[What you have to do]: Everything from the line that has "Photo 39 of" to the last line of the listing must be repeated exactly, and nothing more; omit the pictures.

[Dataset extract]:
◇ ◇ ◇ ◇
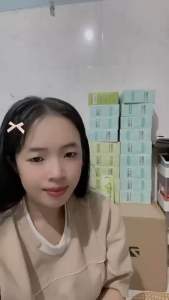 Ống Hit hỗ trợ thông mũi sảng khoái với mùi vị bạc hà và thảo mộc the mát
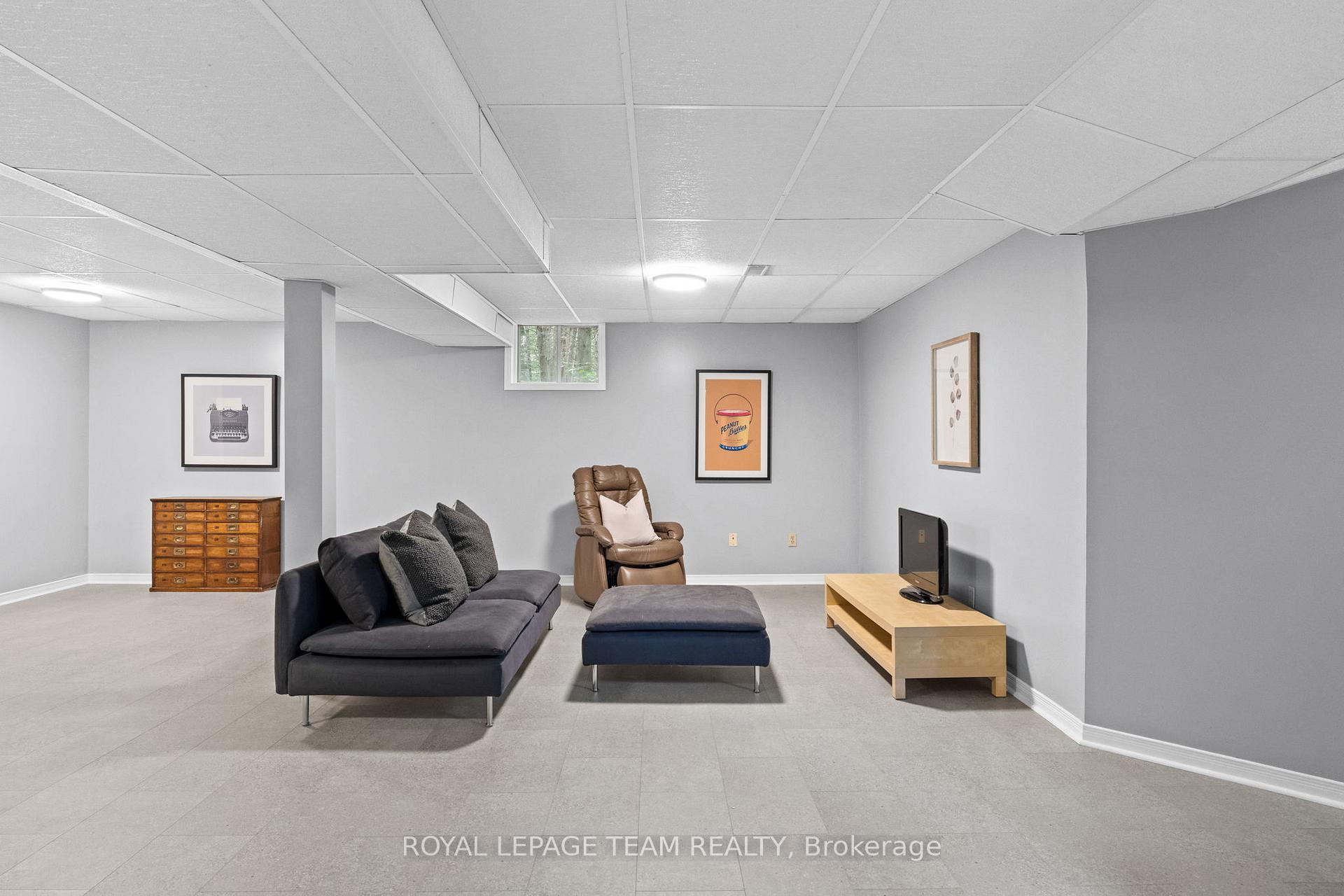 Photo 39 of 10 Weldale Drive, Ottawa, Kanata - Rural Kanata (Central) — HOMEH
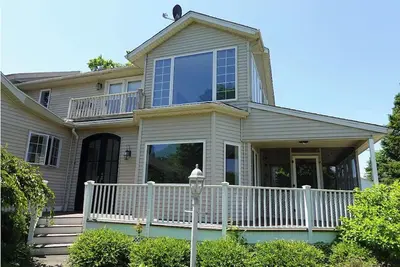 Image de Spacious 7-bedroom House in Vestal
◇ ◇ ◇ ◇
[Task solution]:
 Photo 39 of 10 Weldale Drive, Ottawa, Kanata - Rural Kanata (Central) — HOMEH
 Image de Spacious 7-bedroom House in Vestal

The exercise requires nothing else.